WORK TO BE COMPLETED. Pictures appear among the records below and must be omitted. Repeat exactly the lines from the line with "Autsch: Ashton Kutcher" to the line with "thumbnail image 6", both included.

RECORDS SHOWN.
◇ ◇ ◇ ◇ ◇ ◇ ◇
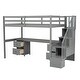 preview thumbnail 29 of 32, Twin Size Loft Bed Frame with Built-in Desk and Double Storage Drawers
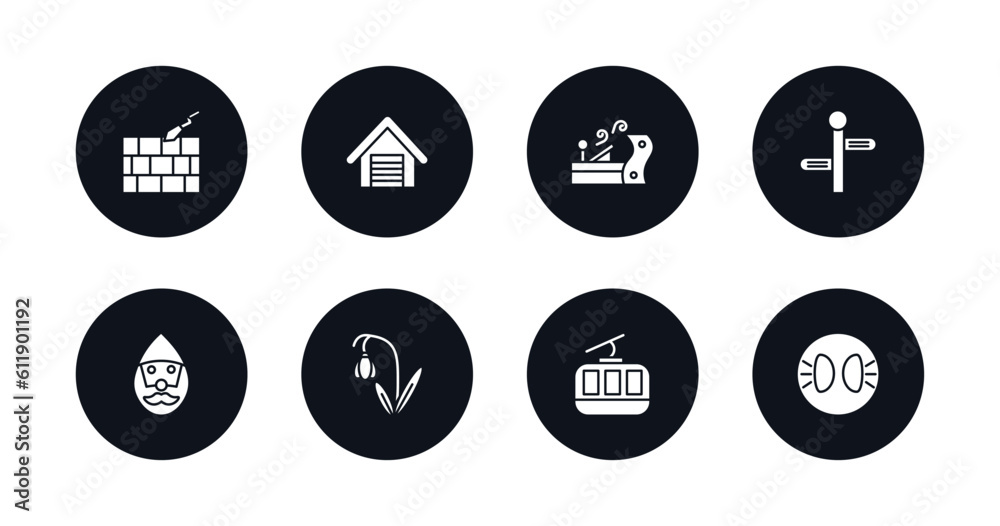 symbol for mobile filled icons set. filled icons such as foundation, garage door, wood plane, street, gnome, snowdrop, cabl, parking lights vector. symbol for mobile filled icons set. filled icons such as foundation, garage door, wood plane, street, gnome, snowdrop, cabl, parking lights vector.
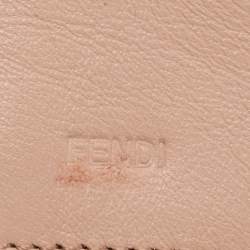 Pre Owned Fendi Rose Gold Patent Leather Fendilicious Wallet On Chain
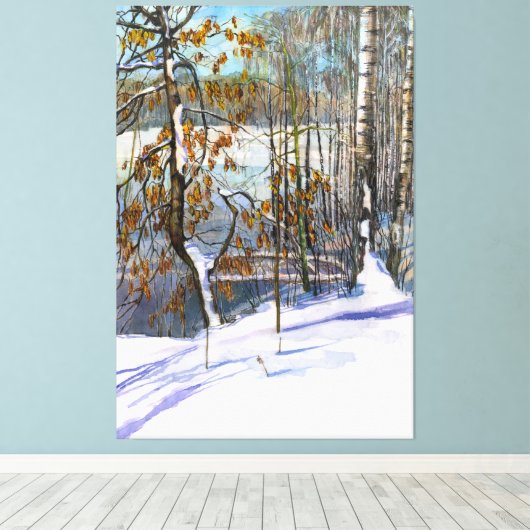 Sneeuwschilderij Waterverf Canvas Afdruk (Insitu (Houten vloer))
◇ ◇ ◇ ◇ ◇ ◇ ◇
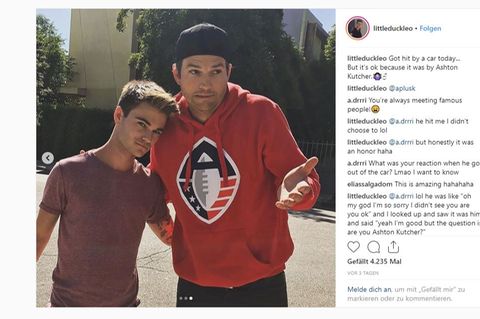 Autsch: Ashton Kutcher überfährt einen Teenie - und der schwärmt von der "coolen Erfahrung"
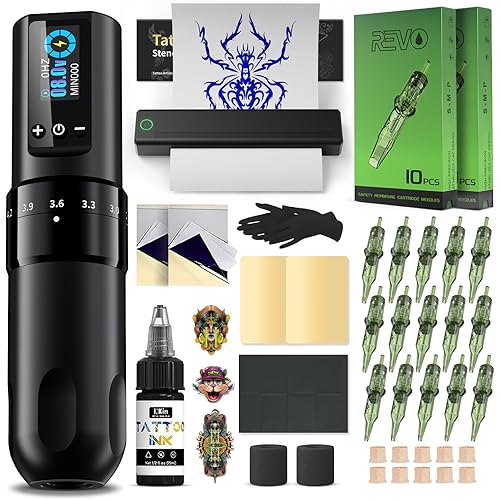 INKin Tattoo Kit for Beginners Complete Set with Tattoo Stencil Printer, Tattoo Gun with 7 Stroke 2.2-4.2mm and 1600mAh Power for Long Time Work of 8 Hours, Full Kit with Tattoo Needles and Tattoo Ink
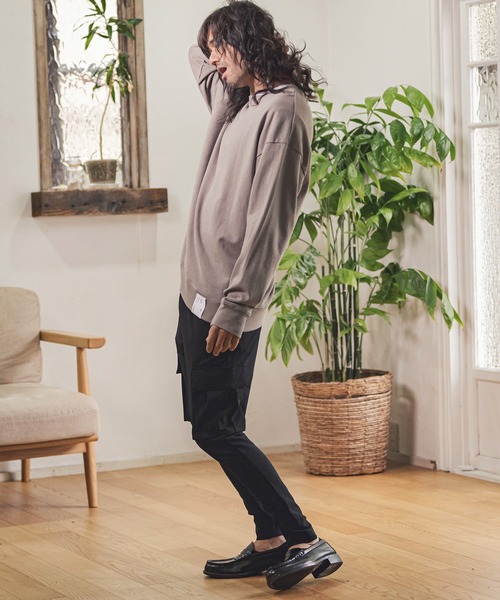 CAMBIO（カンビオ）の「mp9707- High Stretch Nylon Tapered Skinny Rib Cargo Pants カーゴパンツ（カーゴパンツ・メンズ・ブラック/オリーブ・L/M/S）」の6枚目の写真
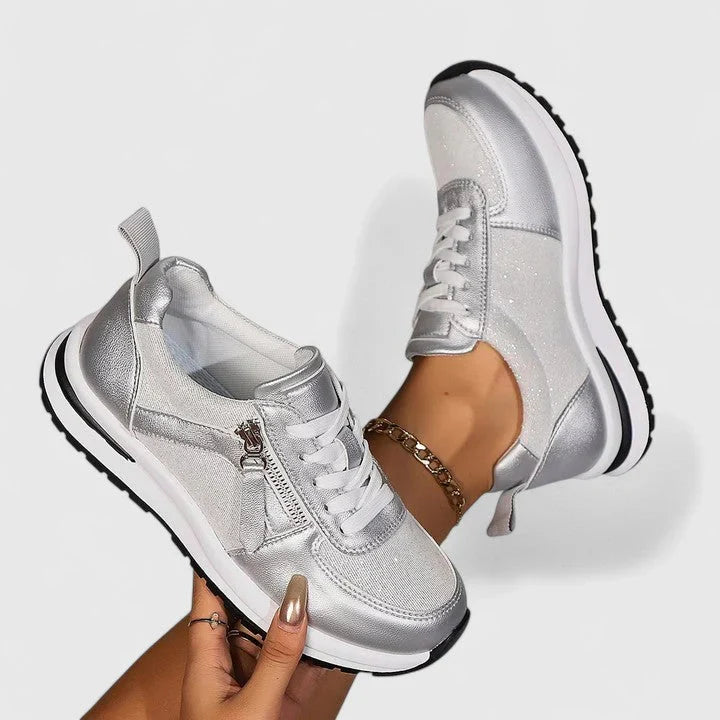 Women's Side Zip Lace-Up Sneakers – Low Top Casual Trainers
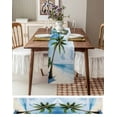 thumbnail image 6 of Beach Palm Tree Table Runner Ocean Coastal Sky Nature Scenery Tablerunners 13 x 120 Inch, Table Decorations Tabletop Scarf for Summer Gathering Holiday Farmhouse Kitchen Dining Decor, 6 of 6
◇ ◇ ◇ ◇ ◇ ◇ ◇
RESULT BELOW.
 Autsch: Ashton Kutcher überfährt einen Teenie - und der schwärmt von der "coolen Erfahrung"
 INKin Tattoo Kit for Beginners Complete Set with Tattoo Stencil Printer, Tattoo Gun with 7 Stroke 2.2-4.2mm and 1600mAh Power for Long Time Work of 8 Hours, Full Kit with Tattoo Needles and Tattoo Ink
 CAMBIO（カンビオ）の「mp9707- High Stretch Nylon Tapered Skinny Rib Cargo Pants カーゴパンツ（カーゴパンツ・メンズ・ブラック/オリーブ・L/M/S）」の6枚目の写真
 Women's Side Zip Lace-Up Sneakers – Low Top Casual Trainers
 thumbnail image 6 of Beach Palm Tree Table Runner Ocean Coastal Sky Nature Scenery Tablerunners 13 x 120 Inch, Table Decorations Tabletop Scarf for Summer Gathering Holiday Farmhouse Kitchen Dining Decor, 6 of 6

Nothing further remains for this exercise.